EXTRACTED MATERIAL |
▶
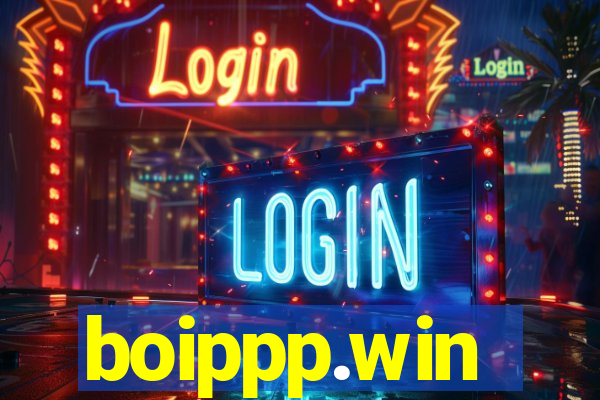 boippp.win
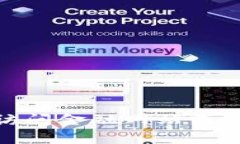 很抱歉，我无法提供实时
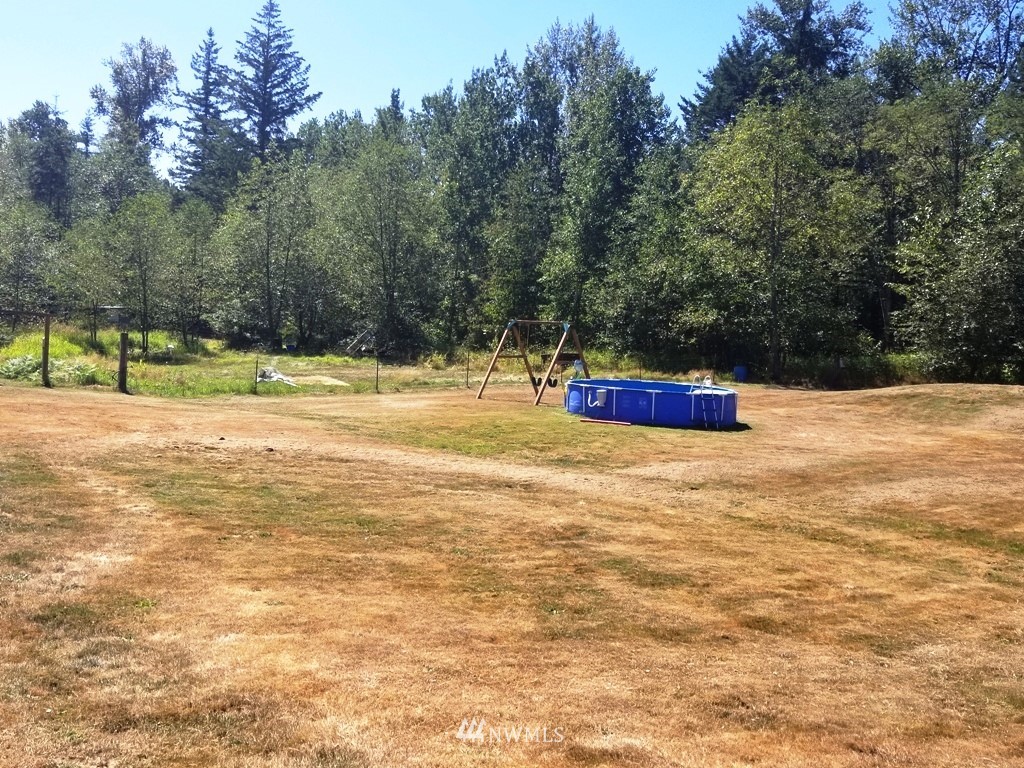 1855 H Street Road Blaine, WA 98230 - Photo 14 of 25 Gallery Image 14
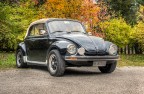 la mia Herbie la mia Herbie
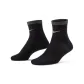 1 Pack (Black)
◀
▶
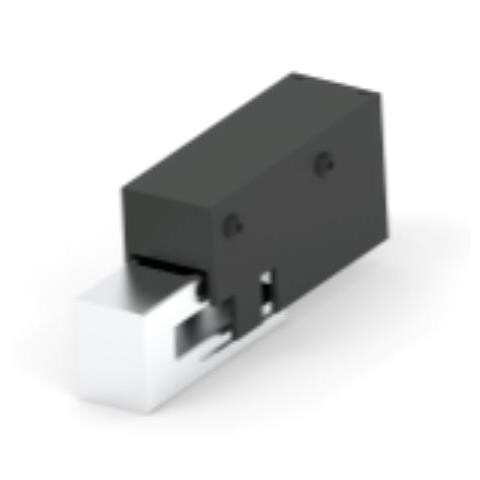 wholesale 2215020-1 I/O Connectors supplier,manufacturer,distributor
◀
WHAT IS NEEDED |
Print nothing but the lines above starting with the line that contains "1855 H Street" and going on through the line that contains "1 Pack (Black)". Leave out the pictures.

ANSWER |
 1855 H Street Road Blaine, WA 98230 - Photo 14 of 25 Gallery Image 14
 la mia Herbie la mia Herbie
 1 Pack (Black)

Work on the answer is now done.